- [Exercise details] Please retype the entries below exactly, only from their first line through the line containing "9 32705 Fraser Crescent Property Photo 17", leaving every picture out.
╭─ Data shown
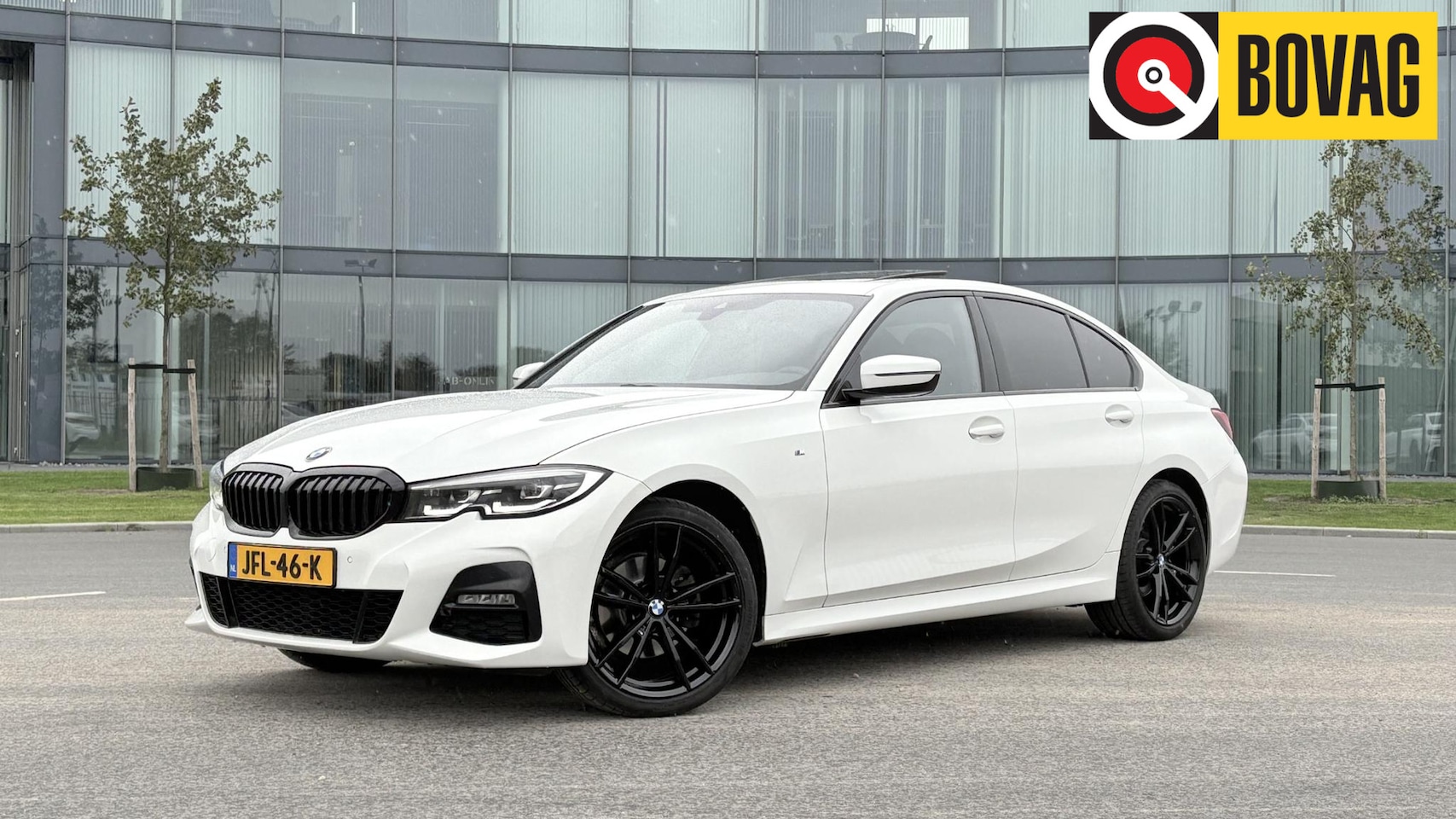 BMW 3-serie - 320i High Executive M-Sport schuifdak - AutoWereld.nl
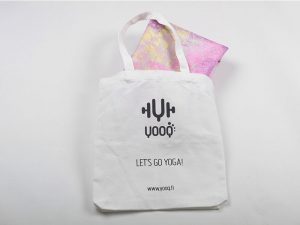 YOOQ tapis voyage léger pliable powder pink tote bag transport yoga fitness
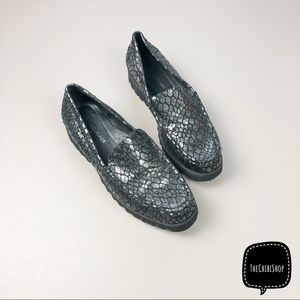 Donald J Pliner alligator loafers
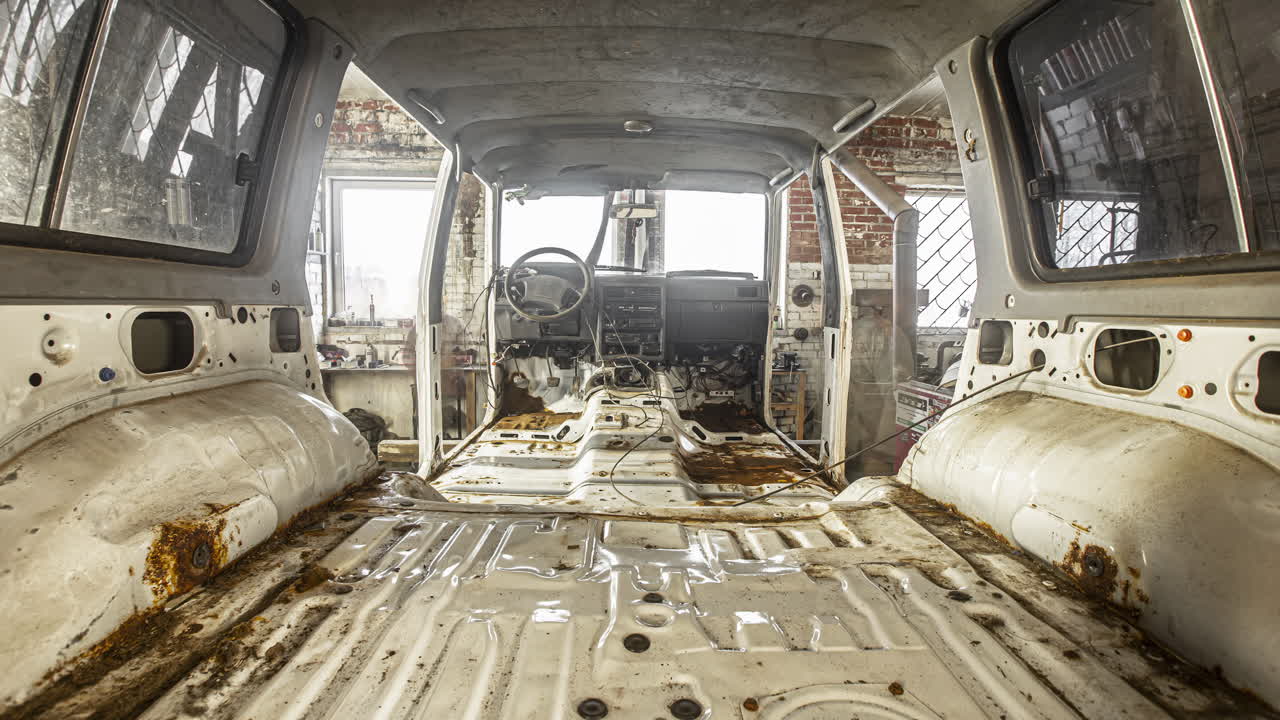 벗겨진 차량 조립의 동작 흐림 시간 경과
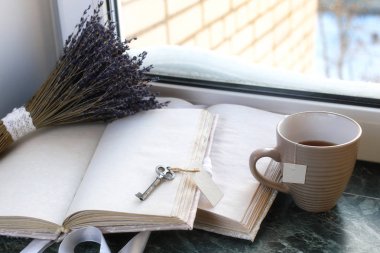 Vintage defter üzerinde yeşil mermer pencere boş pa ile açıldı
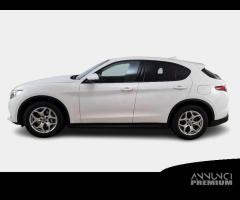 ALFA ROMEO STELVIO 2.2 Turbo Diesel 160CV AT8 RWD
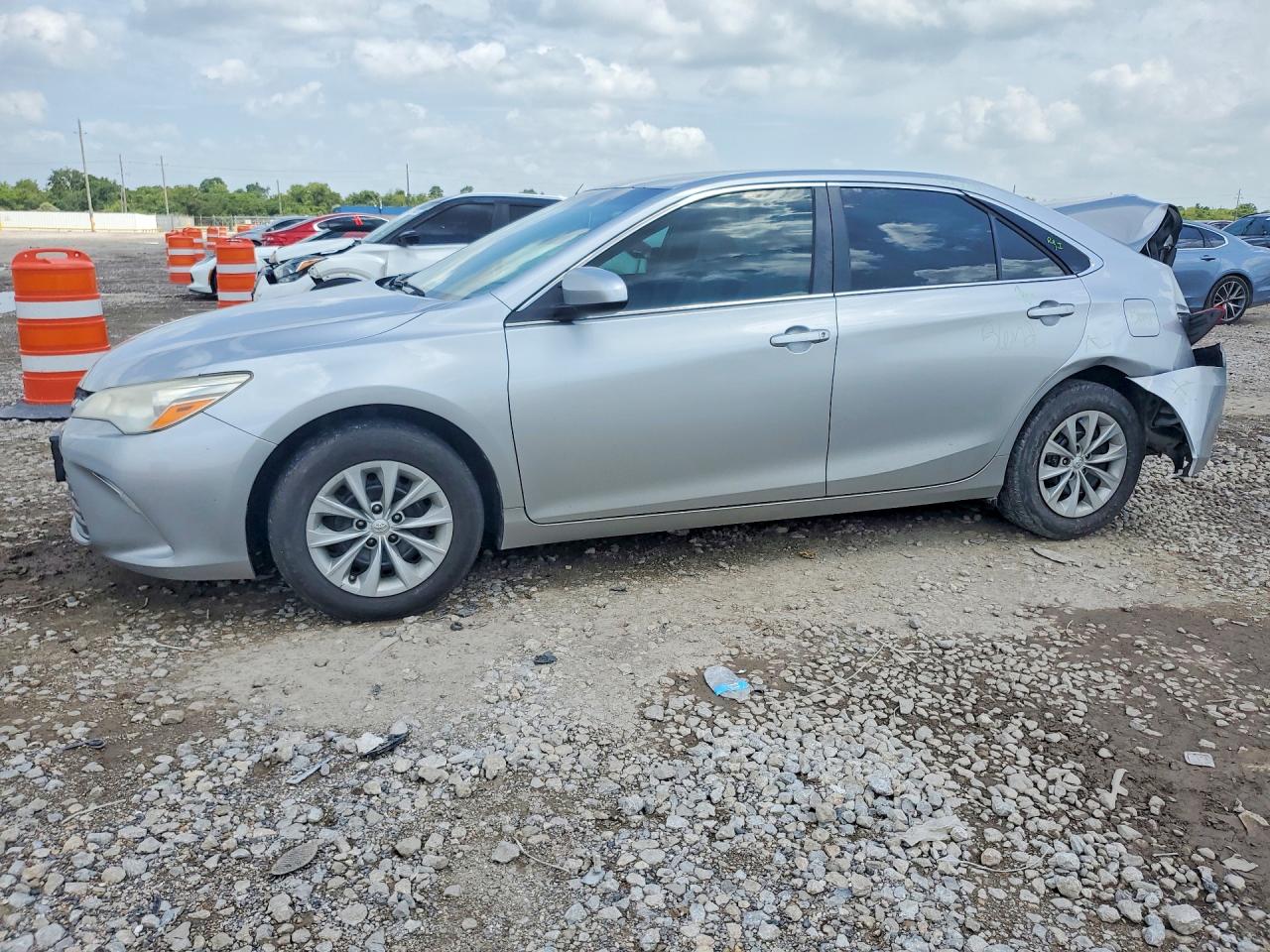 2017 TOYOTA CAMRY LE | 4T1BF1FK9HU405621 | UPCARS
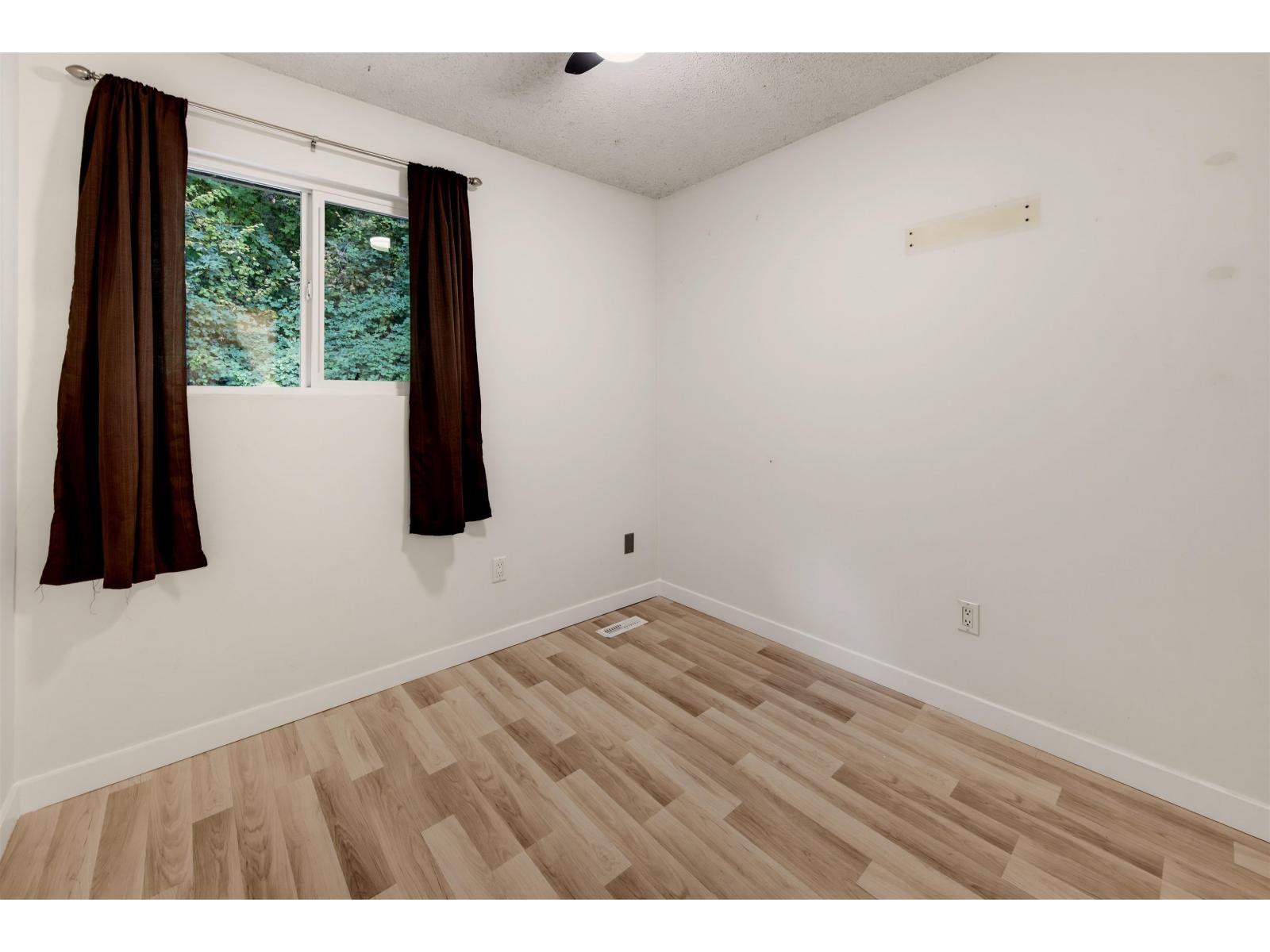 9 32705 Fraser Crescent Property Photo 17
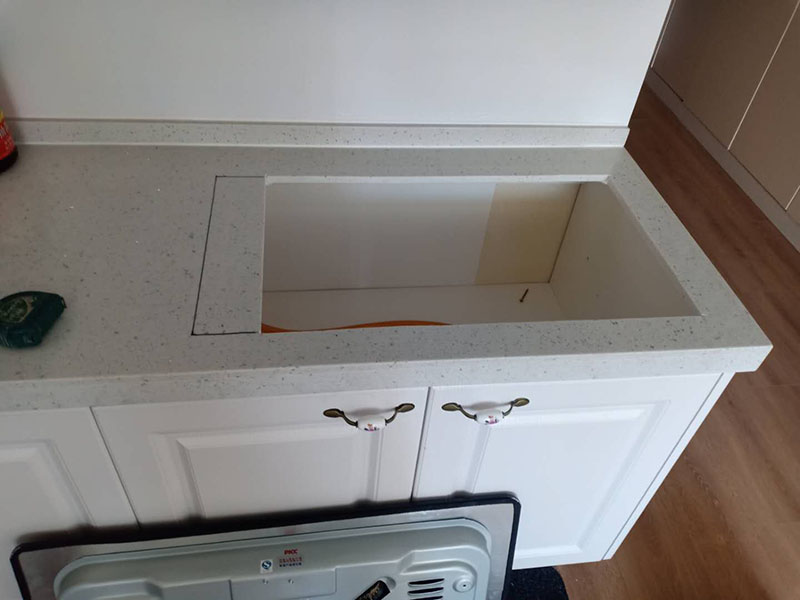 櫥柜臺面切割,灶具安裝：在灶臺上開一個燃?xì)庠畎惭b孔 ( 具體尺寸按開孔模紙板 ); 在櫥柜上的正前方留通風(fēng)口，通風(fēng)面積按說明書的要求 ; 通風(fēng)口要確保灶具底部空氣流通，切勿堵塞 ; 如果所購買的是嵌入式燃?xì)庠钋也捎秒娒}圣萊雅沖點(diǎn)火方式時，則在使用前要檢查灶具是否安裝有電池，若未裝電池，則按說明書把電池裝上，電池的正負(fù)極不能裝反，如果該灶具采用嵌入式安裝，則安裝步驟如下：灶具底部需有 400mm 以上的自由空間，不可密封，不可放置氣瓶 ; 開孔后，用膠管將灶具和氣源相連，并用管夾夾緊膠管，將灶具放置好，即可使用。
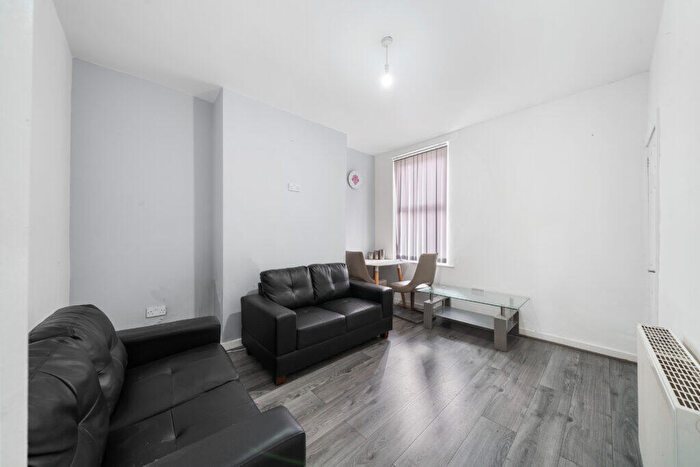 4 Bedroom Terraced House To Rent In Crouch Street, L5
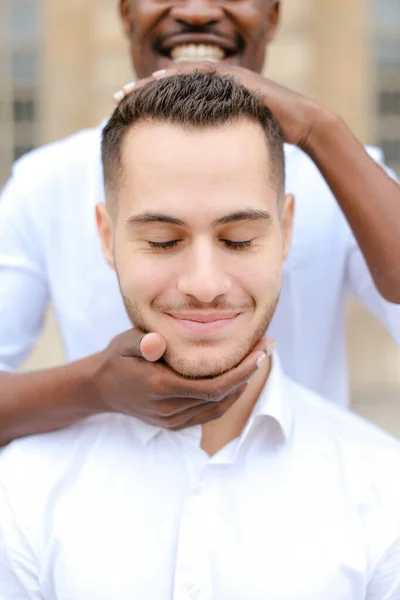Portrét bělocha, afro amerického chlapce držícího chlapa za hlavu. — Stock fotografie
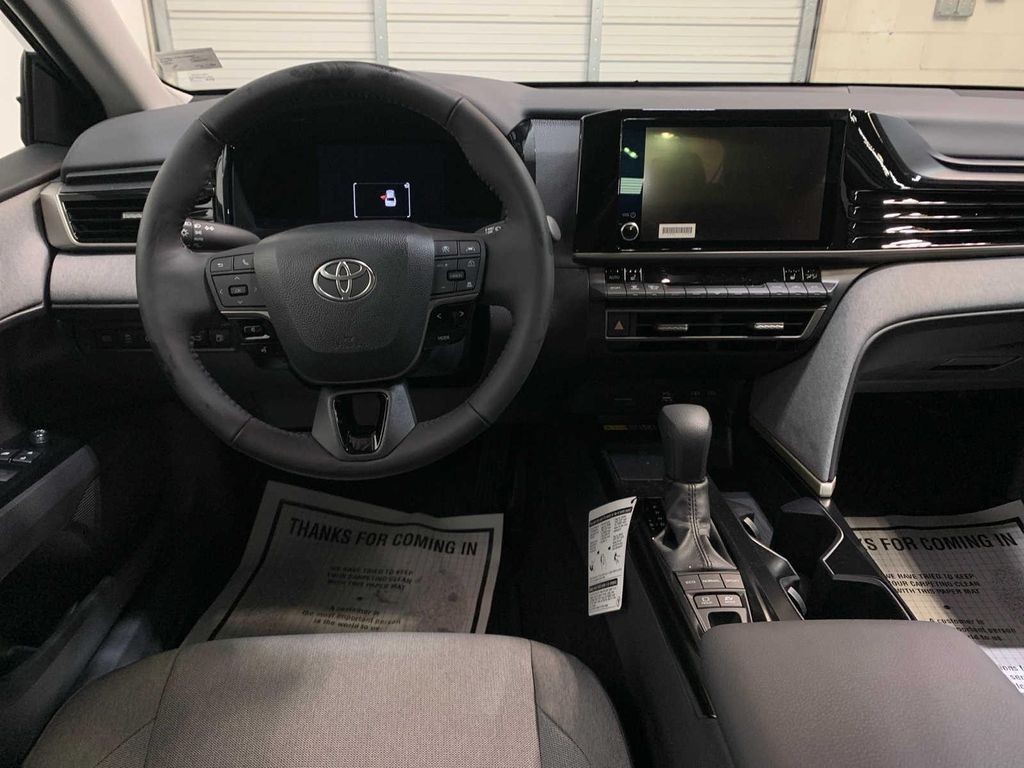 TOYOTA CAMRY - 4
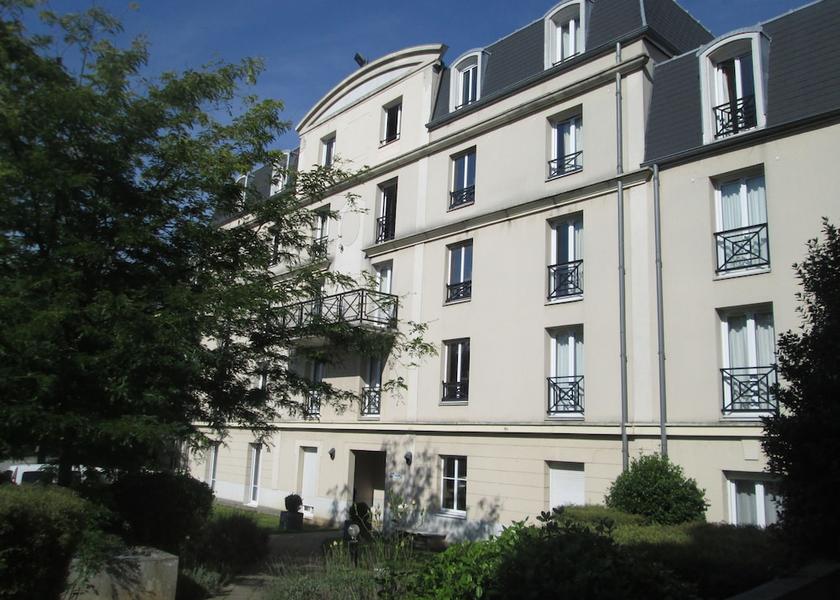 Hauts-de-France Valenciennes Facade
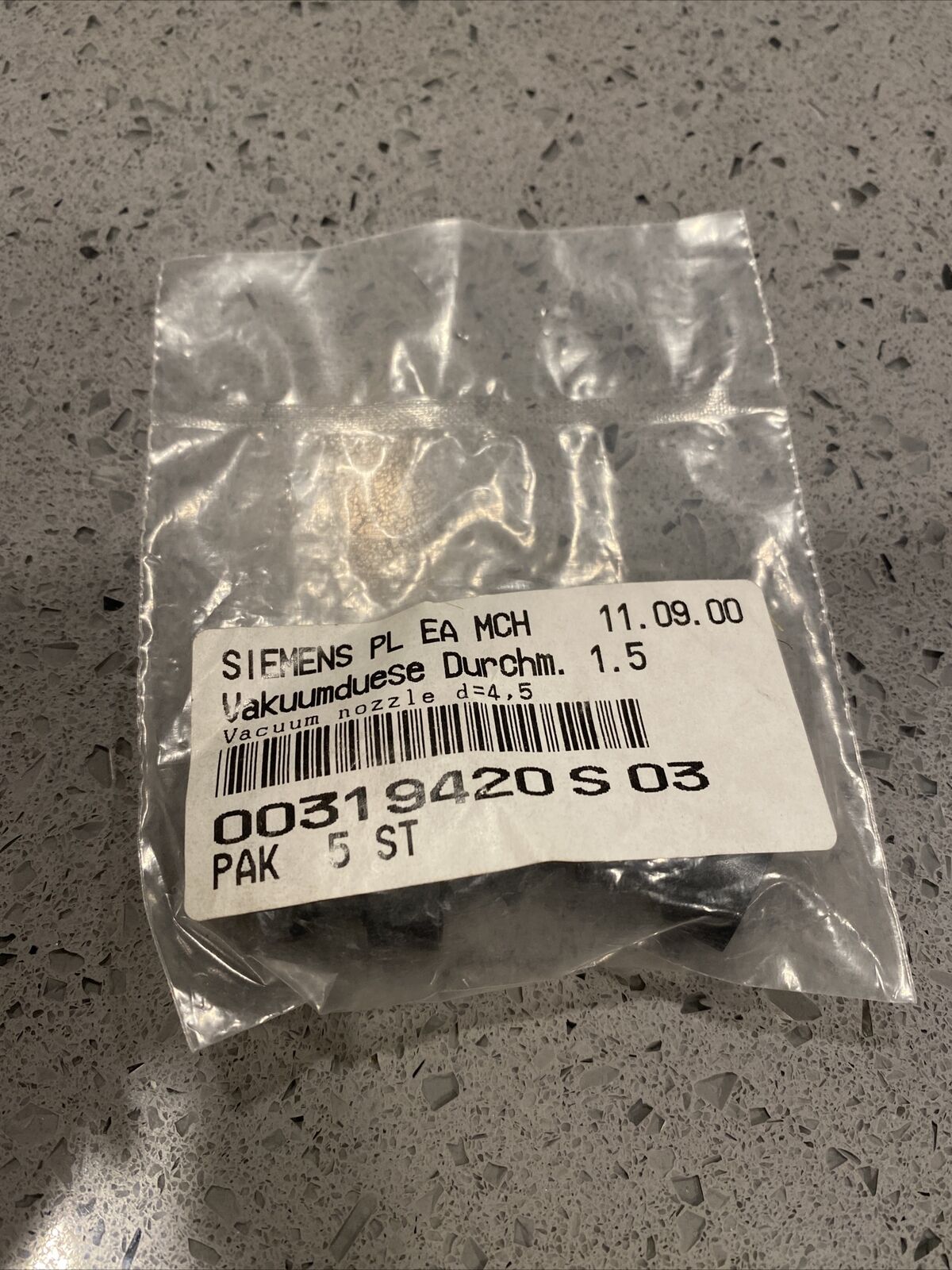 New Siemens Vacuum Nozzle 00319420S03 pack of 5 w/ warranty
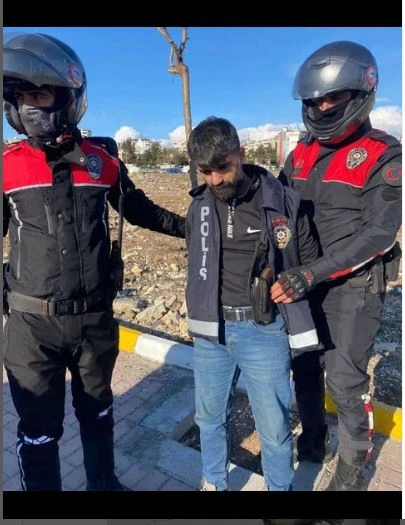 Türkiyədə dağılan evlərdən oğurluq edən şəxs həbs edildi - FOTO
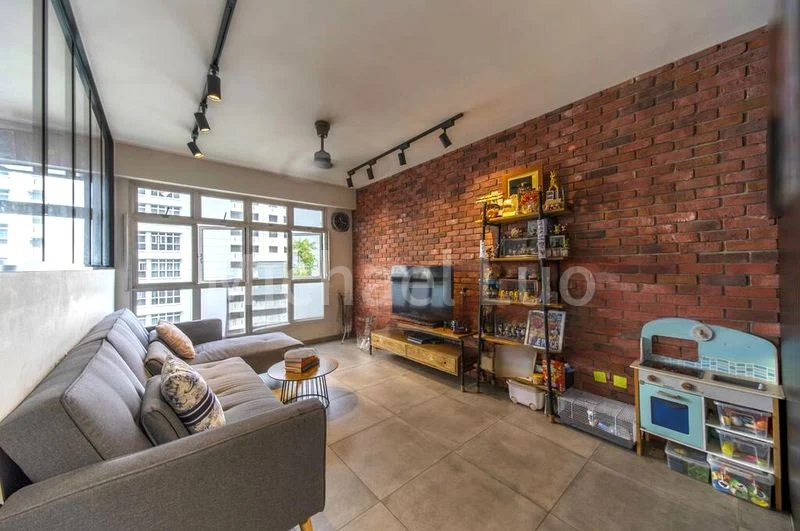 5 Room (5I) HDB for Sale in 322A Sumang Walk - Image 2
╰─
- [Completed task]
 BMW 3-serie - 320i High Executive M-Sport schuifdak - AutoWereld.nl
 YOOQ tapis voyage léger pliable powder pink tote bag transport yoga fitness
 Donald J Pliner alligator loafers
 벗겨진 차량 조립의 동작 흐림 시간 경과
 Vintage defter üzerinde yeşil mermer pencere boş pa ile açıldı
 ALFA ROMEO STELVIO 2.2 Turbo Diesel 160CV AT8 RWD
 2017 TOYOTA CAMRY LE | 4T1BF1FK9HU405621 | UPCARS
 9 32705 Fraser Crescent Property Photo 17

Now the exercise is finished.